Problems with Darryl Hart's Secular Faith: Part 1


Hart presents the view that:

“…Christianity in its classic formulations, especially the Protestant traditions of Lutheran, Reformed and Anglican, has very little to say about politics or the ordering of society. This does not mean that Christianity has nothing to say.” (p. 10)

Is it true that Christianity and the Bible historically have very little to say about politics or the ordering of society? Is this a historically accurate statement?

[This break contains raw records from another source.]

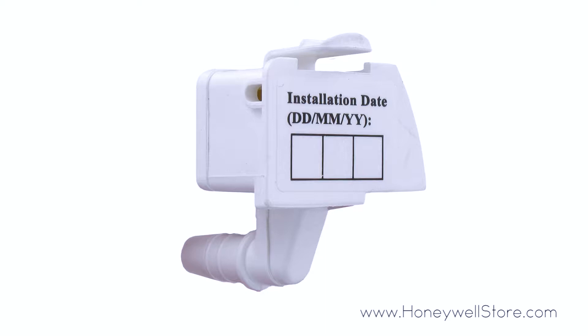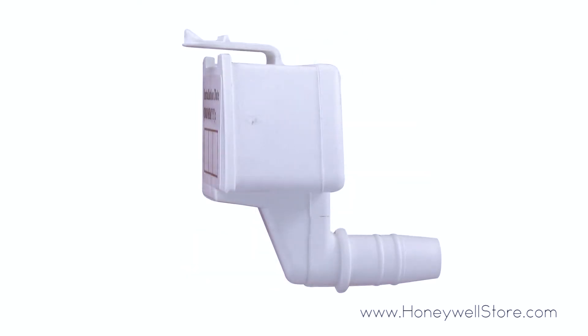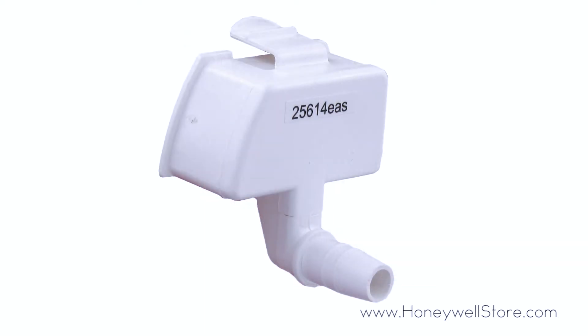They will also effectively prevent white dust from accumulating and interfering with your machine of choice. It is recommended that you replace your demineralization cartridge every 20 to 30 fillings for the very best results. Each package comes with two Cartridge Q humidifier filters.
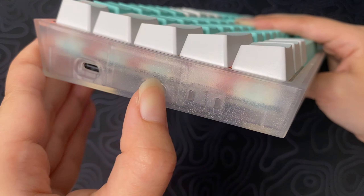So you can use any Cherry MX, Gateron, Akko, Kailh, or other switches that feature a 3- or 5-pin design.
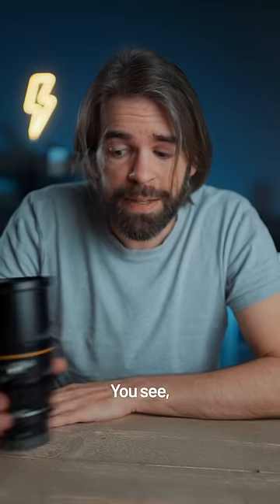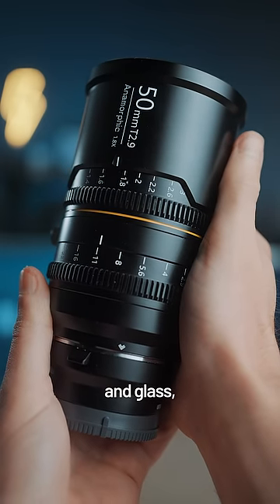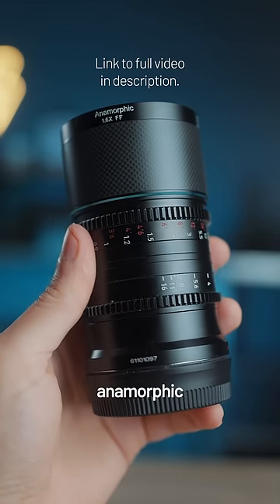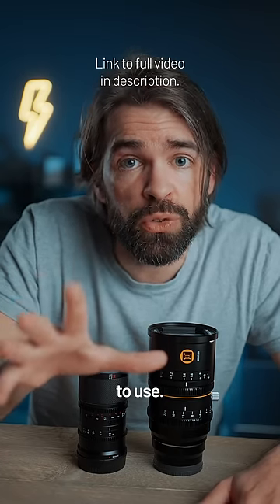This is what an anamorphic lens usually looks like — a huge, heavy chunk of metal and glass. But this one is half the size and one third of the weight. It's the world's smallest and lightest full-frame anamorphic lens, and that makes it so much easier and more fun to use.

This claim of his is hard to support when there is so much contrary evidence from history. There is a long-standing tradition of Christian legal thought going back at least to 1200AD (perhaps the earliest would be the Christianization of the Roman legal code under Justinius in 500's AD), that sought to apply the foundational truths of Christianity to government, law, justice and the ordering of society. This body of thought developed progressively as the common law tradition of England and later the founding principles of the United States.

Most Americans are ignorant of the history of our system of laws, justice and government, even those who study history or law. Sadly, we Americans have lost touch with our roots. We are ignorant of the great heritage of careful Christian scholarship that provided the foundation for the American experiment. This ignorance has been aided and abetted by revisionist history written by historians who are ignorant of the Christian view of general and special revelation, and the positive biblical view of the relationship between faith and reason. Because of this ignorance, historians have made crucial mistakes in their reading of Christian thinkers of the past and of America's founding fathers, and Christian historians have similarly either failed to read the original works of thinkers, or have at times seriously misread them because of their ignorance of Christian legal thought or adhering to false assumptions.

But, if one studies the history of Christian legal theory, Christian natural rights theory, and common law theory, one cannot help but conclude that America would not exist, and this form of government would not exist, were it not for the development of thought that was derived explicitly from the Bible by Christian thinkers over the course of 800 years.

It is to our detriment as a society that scholars, both secular and Christian, have sanitized the Christian worldview roots of Western civilization from contemporary scholarship. It leaves us with no workable basis for a common understanding of how to govern and relate as a society, as evidenced in our current polarized political milieu.